* **What to do**: Could the listing below be returned exactly, with its pictures left out?
:::::
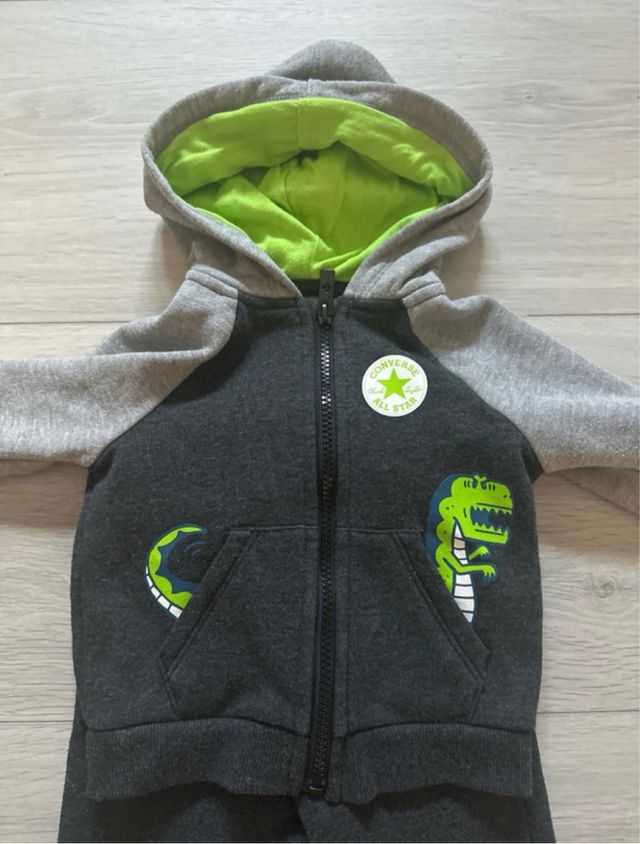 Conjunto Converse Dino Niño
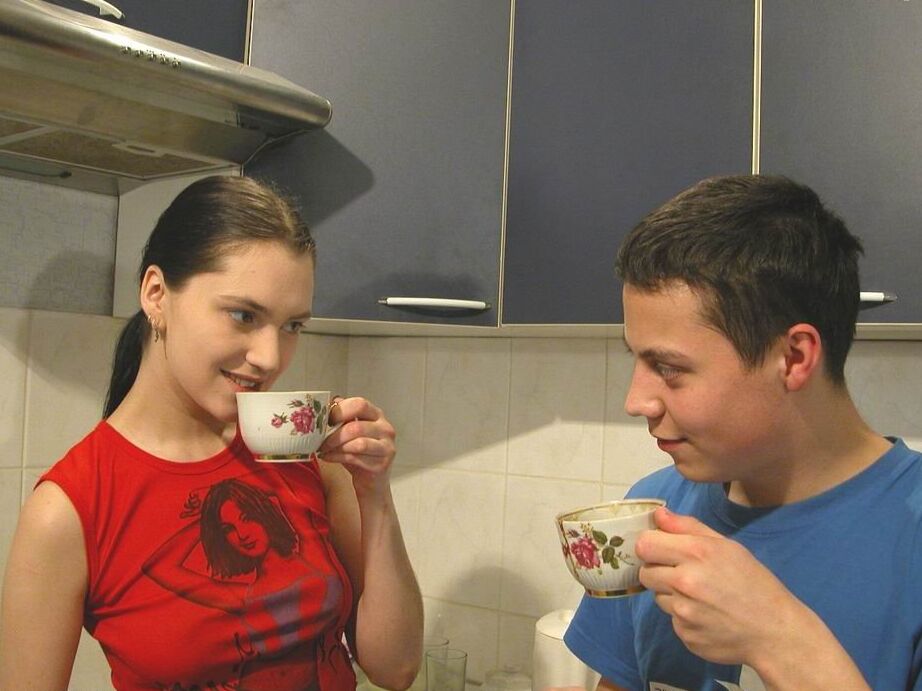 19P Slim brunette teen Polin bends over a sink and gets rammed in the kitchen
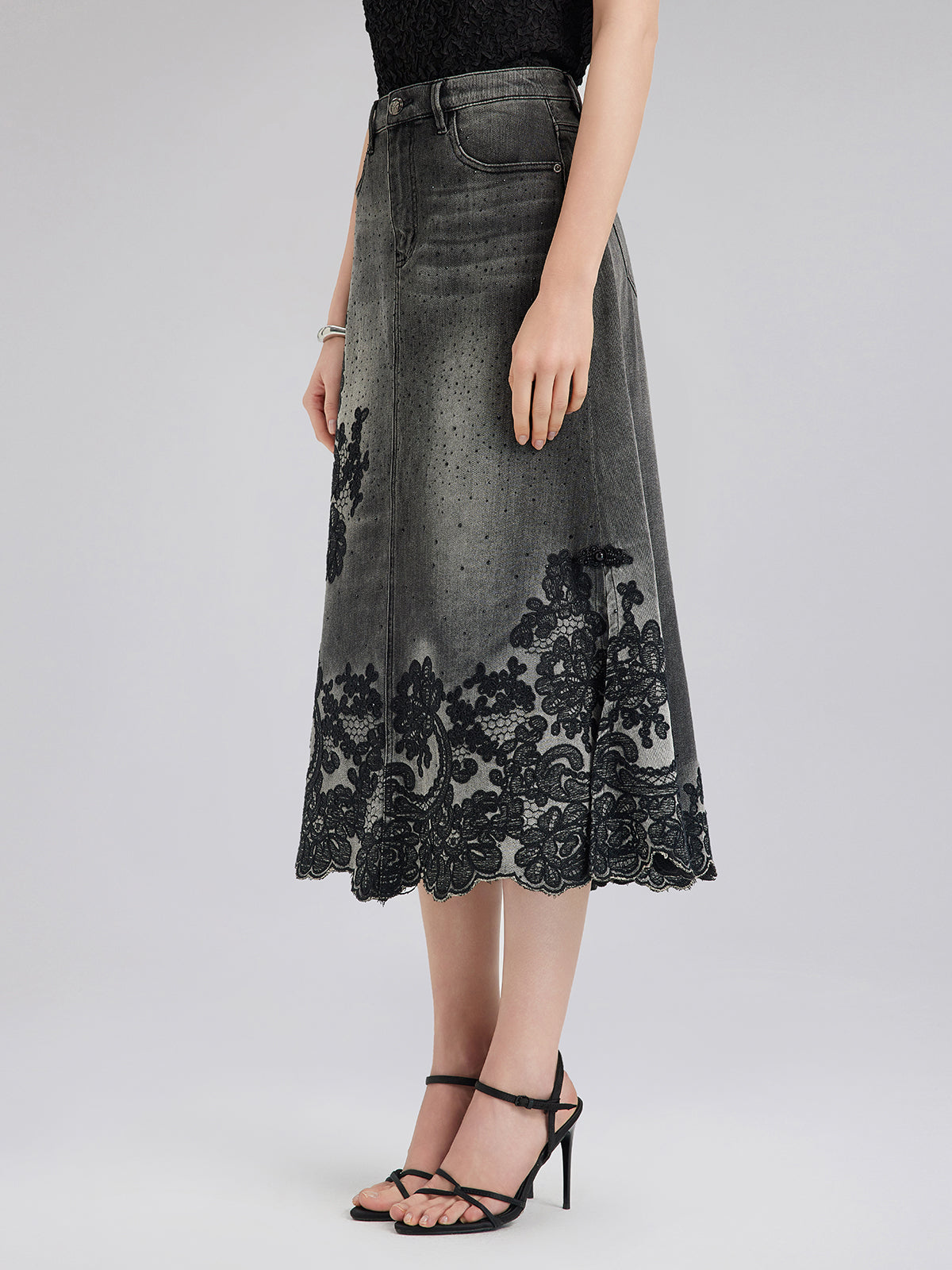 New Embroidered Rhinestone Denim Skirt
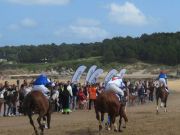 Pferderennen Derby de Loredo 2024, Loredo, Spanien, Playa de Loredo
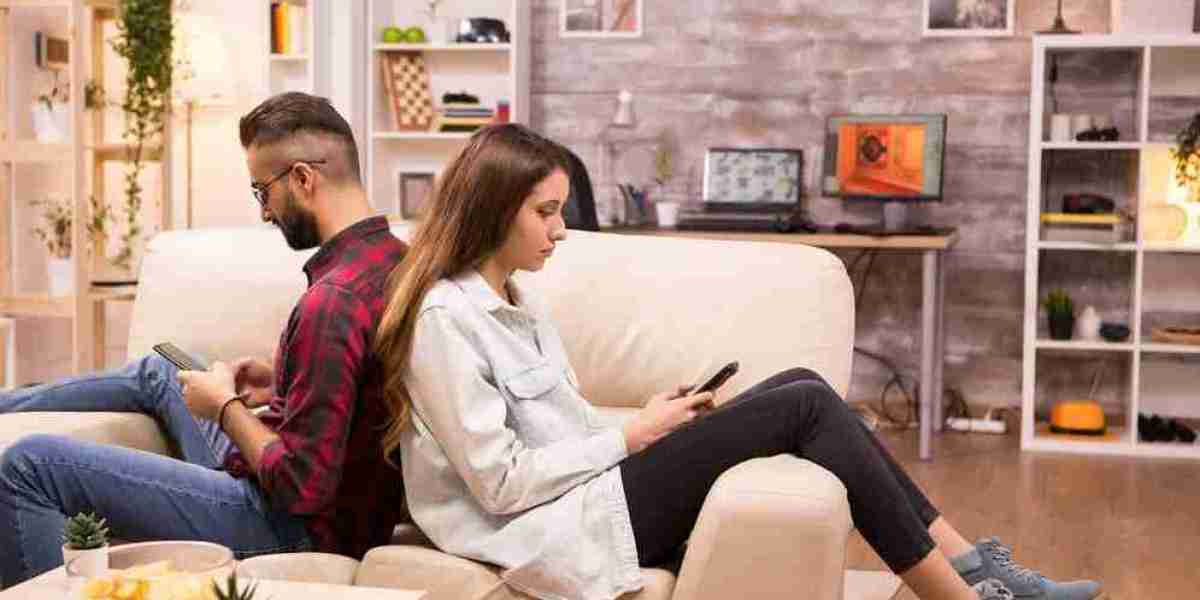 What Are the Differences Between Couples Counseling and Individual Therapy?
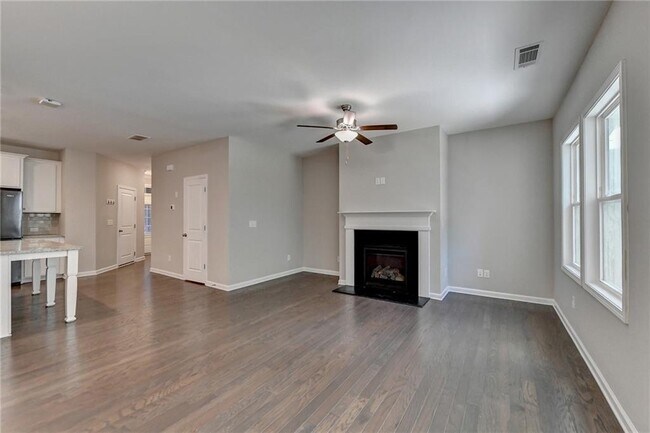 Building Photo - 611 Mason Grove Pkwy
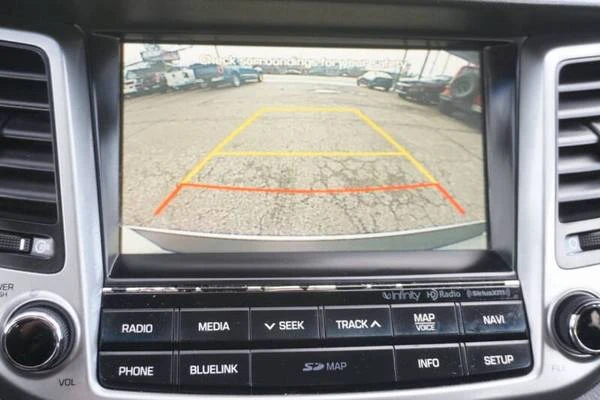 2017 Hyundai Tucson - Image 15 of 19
:::::
* **Answer box**:
 Conjunto Converse Dino Niño
 19P Slim brunette teen Polin bends over a sink and gets rammed in the kitchen
 New Embroidered Rhinestone Denim Skirt
 Pferderennen Derby de Loredo 2024, Loredo, Spanien, Playa de Loredo
 What Are the Differences Between Couples Counseling and Individual Therapy?
 Building Photo - 611 Mason Grove Pkwy
 2017 Hyundai Tucson - Image 15 of 19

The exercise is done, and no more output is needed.